Whitecap Consulting, in partnership with the Building Societies Association (BSA), recently published a report analysing the competitive landscape for the building society sector. The Whitecap team is summarising the key findings in a series of blogs.

In this article, Stefan Haase, Director at Whitecap Consulting, discusses the sector’s position on digital transformation as well as the challenges that building societies face when approaching their digital roadmaps. Stefan also looks at the potential opportunities with regards to efficiencies that technologies such as APIs can provide as well as the increasing digital capabilities of their members.
 

The key report findings relating to technology are outlined below:

Societies acknowledge a requirement to enhance digital capability to meet customer needs and deliver operational efficiencies

There is a widespread acknowledgment within the sector that investment in the modernisation of technology is required, to enable more cost efficient and effective ways of working and to meet the needs of a customer base and distribution partners that are increasingly turning to digital channels. The provision of technology in the banking sector is breaking a 30-year-old mould and moving from a monolithic towards a cloud-based approach, with an API driven application architecture. A new generation of cloud-based core banking systems has introduced competition and the new pioneering FinTech/challenger banks have almost exclusively gone down this route.

Legacy systems are a widely acknowledged issue within the financial services sector, with more than 90% of firms relying on legacy technology in some form. For the long-established building society sector, legacy systems add a significant layer of complexity when looking at future technology plans. Adopting the modern, agile cloud- first approaches now driving the growth of the FinTech sector is a significant challenge, and technology change has been found to be the root cause of 24% of high severity customer-facing incidents, so this is understandably an area where CEOs tread cautiously.

From our online survey, we found key barriers for the sector adopting the latest tech are budget constraints (60%) and legacy systems (57%).
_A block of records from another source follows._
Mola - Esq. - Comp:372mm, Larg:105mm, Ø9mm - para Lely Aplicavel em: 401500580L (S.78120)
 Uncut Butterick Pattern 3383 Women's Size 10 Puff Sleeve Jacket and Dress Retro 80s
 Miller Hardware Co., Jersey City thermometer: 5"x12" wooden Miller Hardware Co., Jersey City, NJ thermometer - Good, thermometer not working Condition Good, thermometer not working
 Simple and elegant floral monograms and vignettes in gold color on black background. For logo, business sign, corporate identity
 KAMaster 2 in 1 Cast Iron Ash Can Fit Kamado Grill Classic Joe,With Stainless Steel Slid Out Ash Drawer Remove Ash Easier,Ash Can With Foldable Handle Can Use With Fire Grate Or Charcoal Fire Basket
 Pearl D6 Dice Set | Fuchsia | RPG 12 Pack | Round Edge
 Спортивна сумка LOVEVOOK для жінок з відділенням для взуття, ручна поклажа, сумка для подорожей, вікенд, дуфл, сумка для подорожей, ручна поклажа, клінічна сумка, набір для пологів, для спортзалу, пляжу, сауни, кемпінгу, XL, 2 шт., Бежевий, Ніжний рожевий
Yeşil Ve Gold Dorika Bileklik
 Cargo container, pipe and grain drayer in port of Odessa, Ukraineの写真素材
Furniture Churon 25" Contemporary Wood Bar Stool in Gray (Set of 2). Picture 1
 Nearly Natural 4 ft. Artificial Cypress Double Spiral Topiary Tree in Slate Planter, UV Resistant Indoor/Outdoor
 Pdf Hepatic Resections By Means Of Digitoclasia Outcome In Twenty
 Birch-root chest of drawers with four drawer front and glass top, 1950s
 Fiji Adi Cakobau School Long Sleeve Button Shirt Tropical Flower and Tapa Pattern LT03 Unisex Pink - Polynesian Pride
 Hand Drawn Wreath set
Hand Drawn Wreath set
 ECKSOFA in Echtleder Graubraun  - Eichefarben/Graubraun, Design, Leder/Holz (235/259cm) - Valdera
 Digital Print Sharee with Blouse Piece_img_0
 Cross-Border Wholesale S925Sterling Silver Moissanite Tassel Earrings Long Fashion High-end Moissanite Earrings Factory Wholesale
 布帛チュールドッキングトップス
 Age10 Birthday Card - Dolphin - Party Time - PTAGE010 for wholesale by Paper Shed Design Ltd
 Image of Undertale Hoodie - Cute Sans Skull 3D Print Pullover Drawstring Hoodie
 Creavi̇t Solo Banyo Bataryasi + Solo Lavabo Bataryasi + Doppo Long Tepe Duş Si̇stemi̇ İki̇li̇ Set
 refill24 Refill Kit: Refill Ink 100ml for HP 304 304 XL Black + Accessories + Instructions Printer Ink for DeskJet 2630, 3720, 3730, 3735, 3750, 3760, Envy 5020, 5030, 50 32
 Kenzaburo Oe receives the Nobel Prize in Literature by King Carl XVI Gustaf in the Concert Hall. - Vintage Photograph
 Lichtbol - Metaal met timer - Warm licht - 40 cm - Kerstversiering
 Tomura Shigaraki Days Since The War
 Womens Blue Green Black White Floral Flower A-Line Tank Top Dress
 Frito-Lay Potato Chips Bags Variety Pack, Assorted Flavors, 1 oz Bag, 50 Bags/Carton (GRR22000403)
Interestingly, non-building society respondents also cite uncertainty around decision making (58%) and cultural factors (46%) as key barriers to technology adoption for the sector, however, building societies did not consider these to be significant issues (16% and 12%, respectively).

Approaches to modernisation range from augmenting existing systems to the complete replacement of core banking systems

Societies are faced with a choice of modernising their legacy systems with their incumbent providers, offering bespoke and potentially costly integrations with 3rd party applications, or undertaking a phased or complete overhaul of their core systems.

There are examples of each of these approaches being deployed by societies, but at this early stage in the sector’s digital transformation there is insufficient evidence to evaluate the effectiveness of these options. The direction of travel is clearly showcased by other tech-transformed sectors, who have adopted a modern, cloud computing powered and API-driven flexible, scalable application delivery model.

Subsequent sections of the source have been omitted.